# [DESCRIPTION OF THE TASK]
For this exercise, repeat exactly the lines below starting at the line holding "IPhone 7 Plus Red 128gb - 4" and ending at the line holding "Culotte haute Temps Danse Adonis Junior", both included, with no extra lines and no pictures.

# [EXERCISE MATERIAL]

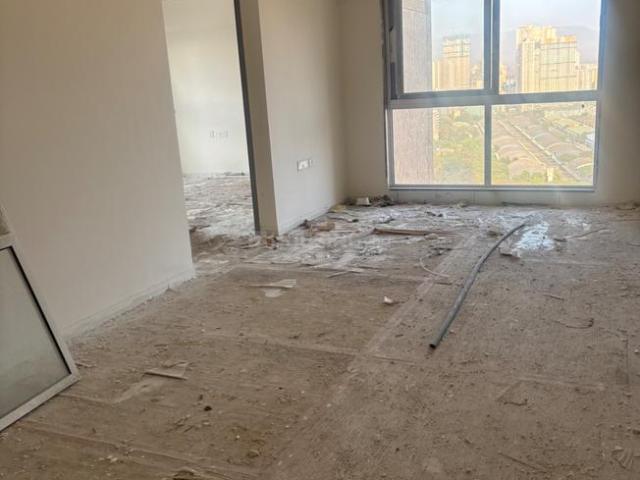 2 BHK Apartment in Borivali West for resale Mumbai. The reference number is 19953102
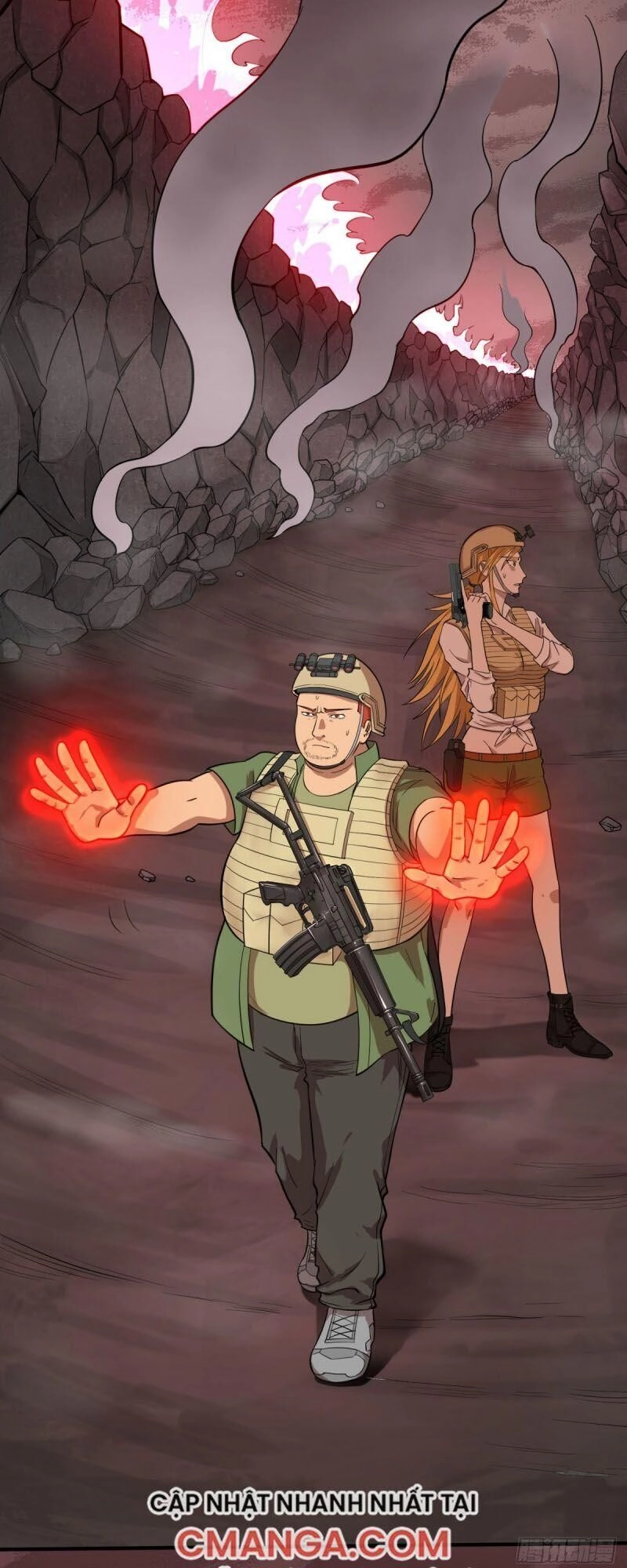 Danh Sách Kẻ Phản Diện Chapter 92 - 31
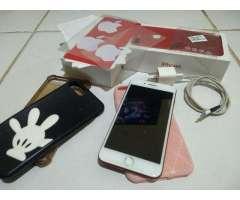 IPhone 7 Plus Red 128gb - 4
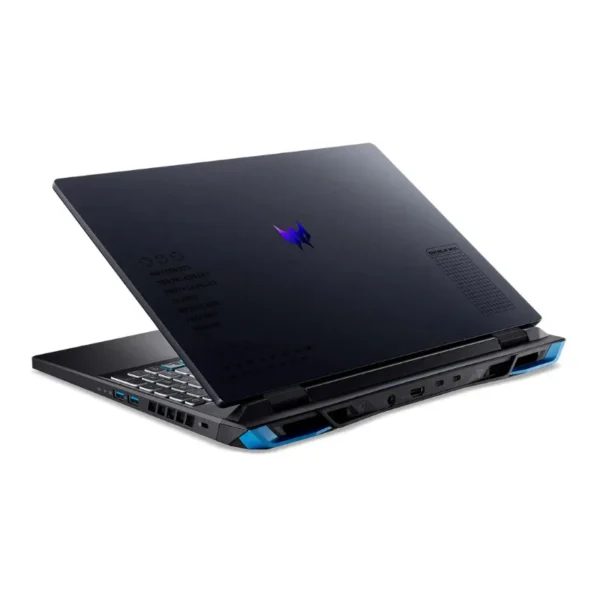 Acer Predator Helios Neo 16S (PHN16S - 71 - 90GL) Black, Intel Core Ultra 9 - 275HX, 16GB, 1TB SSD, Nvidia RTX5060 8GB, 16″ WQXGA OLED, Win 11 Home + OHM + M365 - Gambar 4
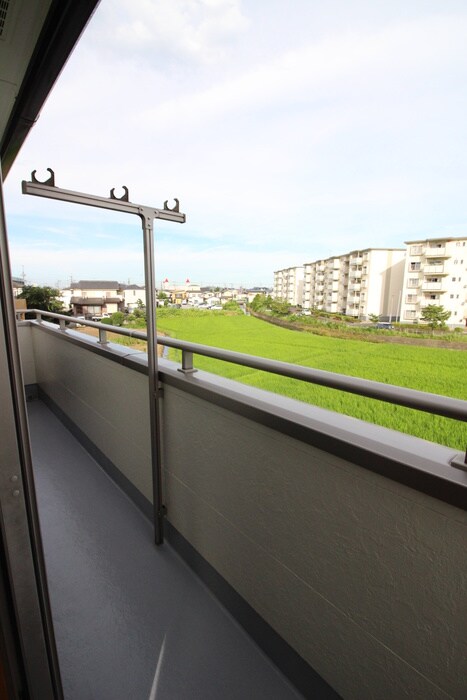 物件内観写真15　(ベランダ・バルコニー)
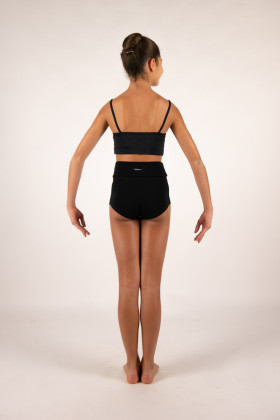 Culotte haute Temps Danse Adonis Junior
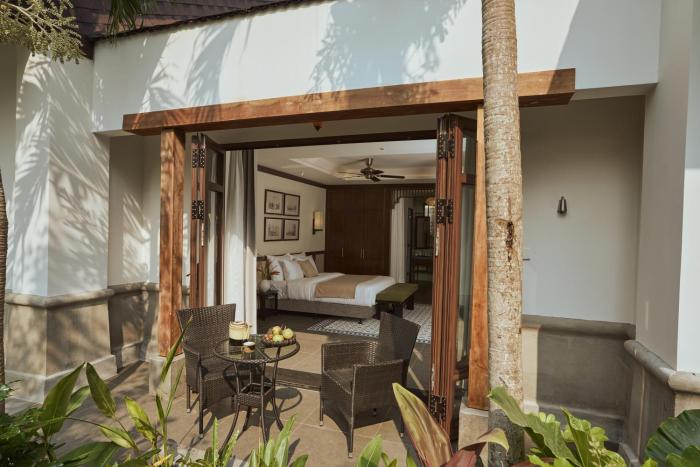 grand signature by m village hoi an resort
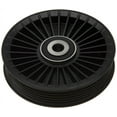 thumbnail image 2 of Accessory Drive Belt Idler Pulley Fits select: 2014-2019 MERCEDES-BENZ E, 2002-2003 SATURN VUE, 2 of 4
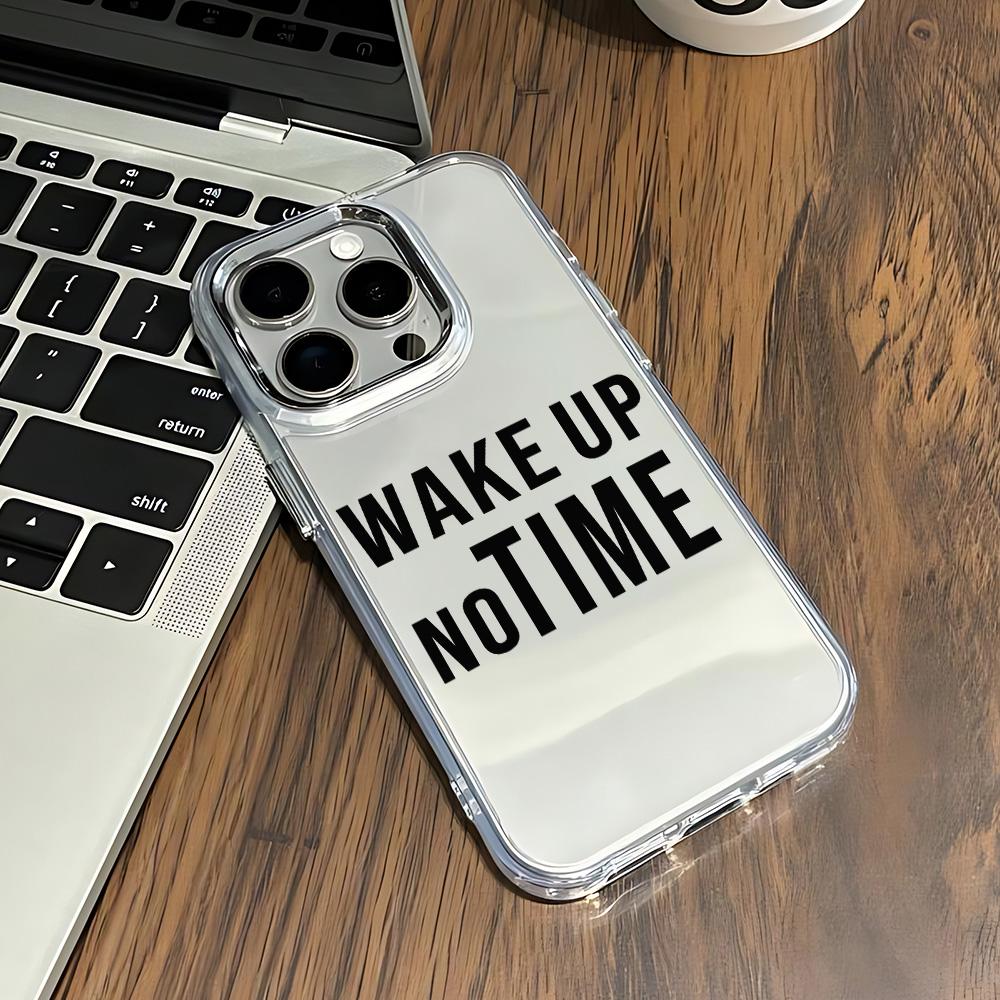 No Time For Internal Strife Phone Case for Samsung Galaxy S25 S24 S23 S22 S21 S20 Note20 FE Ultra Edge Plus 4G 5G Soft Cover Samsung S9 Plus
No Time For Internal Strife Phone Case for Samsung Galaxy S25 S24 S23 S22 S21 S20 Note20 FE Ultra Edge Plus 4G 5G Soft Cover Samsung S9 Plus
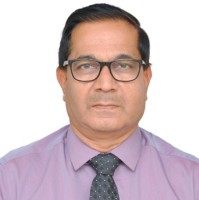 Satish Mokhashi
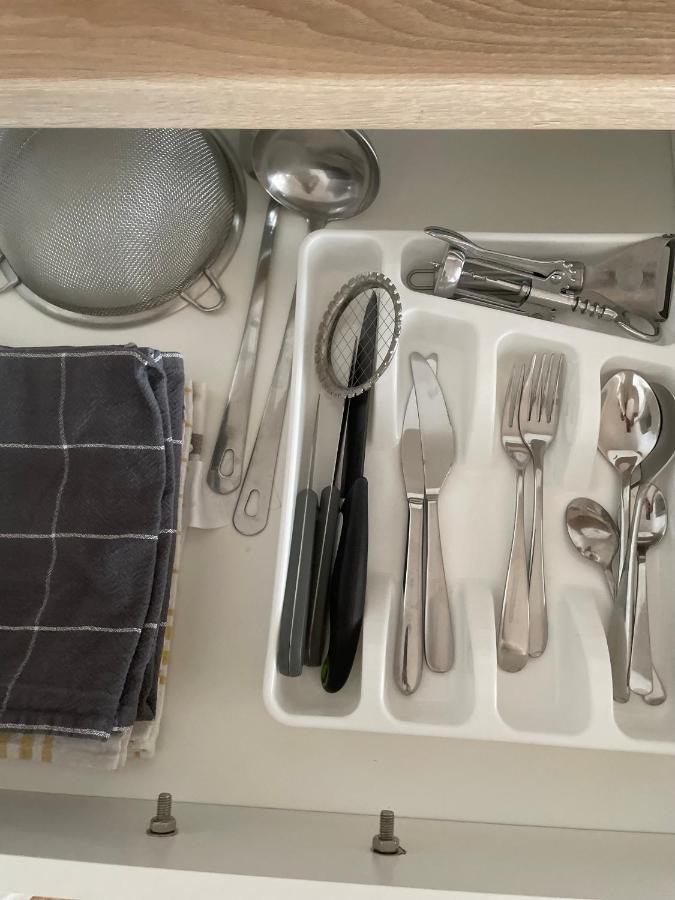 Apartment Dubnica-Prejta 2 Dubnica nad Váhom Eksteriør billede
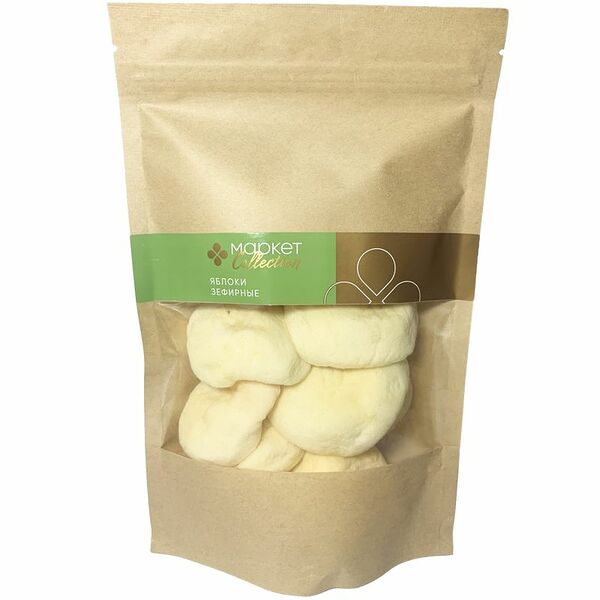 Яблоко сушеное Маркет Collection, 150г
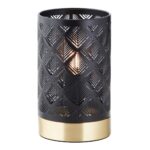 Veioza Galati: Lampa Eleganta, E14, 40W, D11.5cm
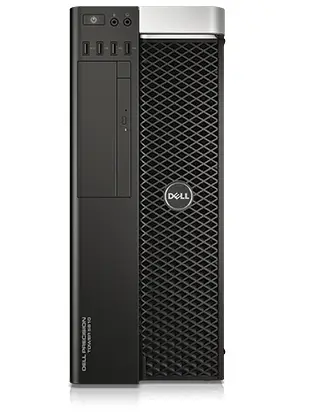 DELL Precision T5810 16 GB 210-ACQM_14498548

# [RESULT]
 IPhone 7 Plus Red 128gb - 4
 Acer Predator Helios Neo 16S (PHN16S - 71 - 90GL) Black, Intel Core Ultra 9 - 275HX, 16GB, 1TB SSD, Nvidia RTX5060 8GB, 16″ WQXGA OLED, Win 11 Home + OHM + M365 - Gambar 4
 物件内観写真15　(ベランダ・バルコニー)
 Culotte haute Temps Danse Adonis Junior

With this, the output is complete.